The Chair of Circular Economy and Sustainability of the TecnoCampus has participated in the day "Circular construction: present and future", organized by Construcía and La Vanguardia on 28 September. 

La Chair of Circular Economics and Sustainability of the TecnoCampus has participated in the day "Circular construction: present and future", organized by Construcía and La Vanguardia on September 28. 

The conference was held at the Círculo Ecuestre in Barcelona, ​​and brought together several companies from the construction and financial sectors, to talk and discuss the challenges and opportunities of the transformation of the sector, and share experiences on current leading projects and exemplifiers, of the commitments of the reporting companies, and also of the challenges that lie ahead. Professor Mar Isla took part in representing the chair.

The construction sector is an economically and environmentally important sector. It generates around 9% of Europe's GDP (2020 data), and employs around 18 million people. It is also attributed a large part of the environmental problem: more than 30% of total waste, more than 50% of the consumption of virgin materials, more than 40% of energy consumption, among others, is due to the activity of this sector, which makes it absolutely unsustainable under the parameters of linear models.

That is why there will be no change, Isla pointed out, towards a new economic and social model without the construction sector. And this is also why the circular economy plans of the European Union and Spain place construction between the strategic sectors that have a differentiated treatment.
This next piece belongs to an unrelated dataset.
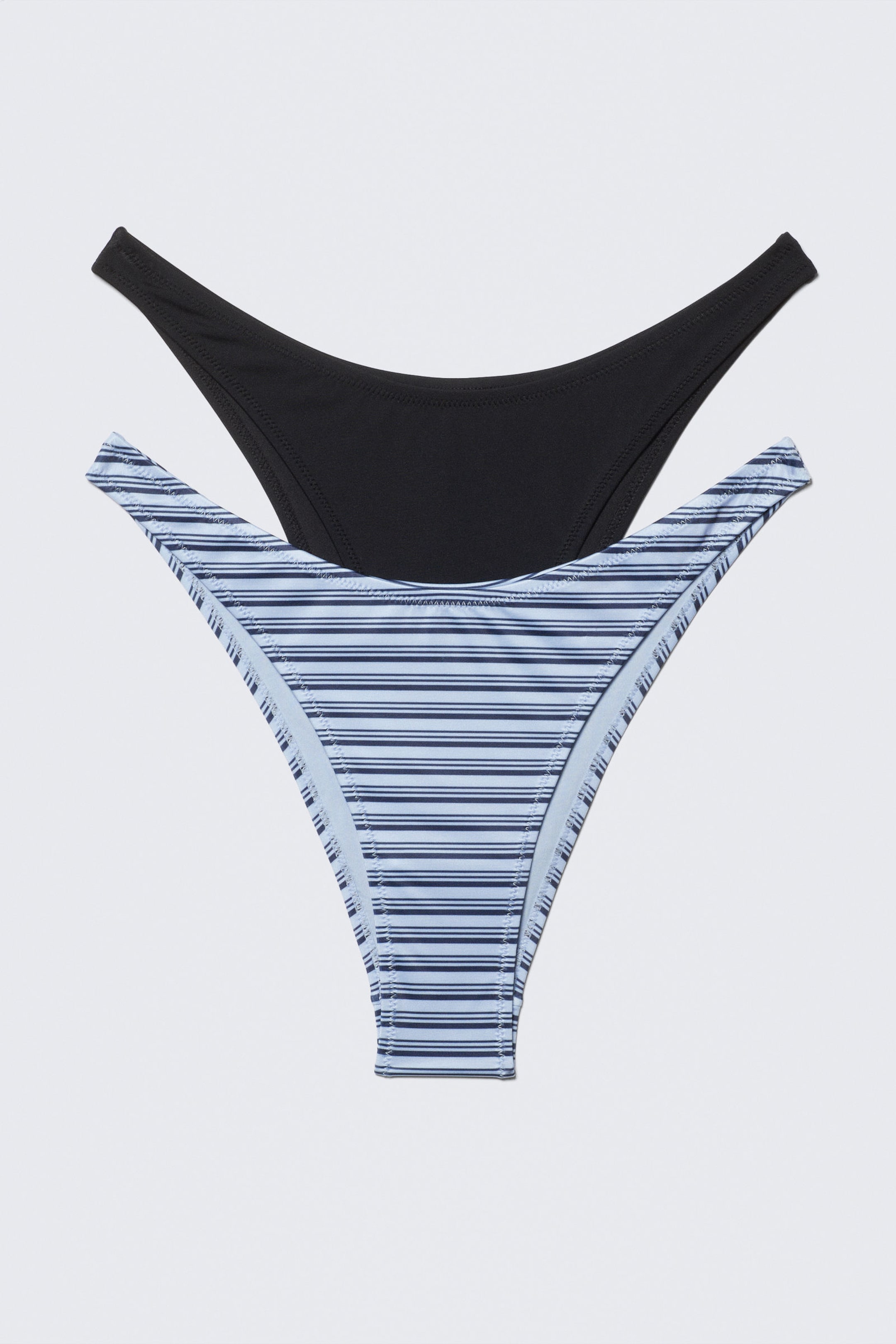 Black & Blue Stripe - 2-pack Mini Brazilian Bikini Bottoms - 5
But behind the projects of environmental transformation, decarbonisation and the circular economy, there are huge funding needs. We need a conscious and responsible sector to incorporate sustainability into its investment policy, to avoid risks, but also visionary opportunities to do so.

Attendees pointed out that there are many challenges for all agents. Also for the public administration, which must provide a regulatory, fiscal and economic framework that makes it viable to bet on sustainable buildings. And also, of course, for universities and technology centers, which must contribute to generating more knowledge and methodologies for optimizing the use of materials and processes, to design good metrics to measure values ​​not previously accounted for, to formulate new tools for management and governance, and to also train new professionals under the new principles of sustainability, economic, environmental and social.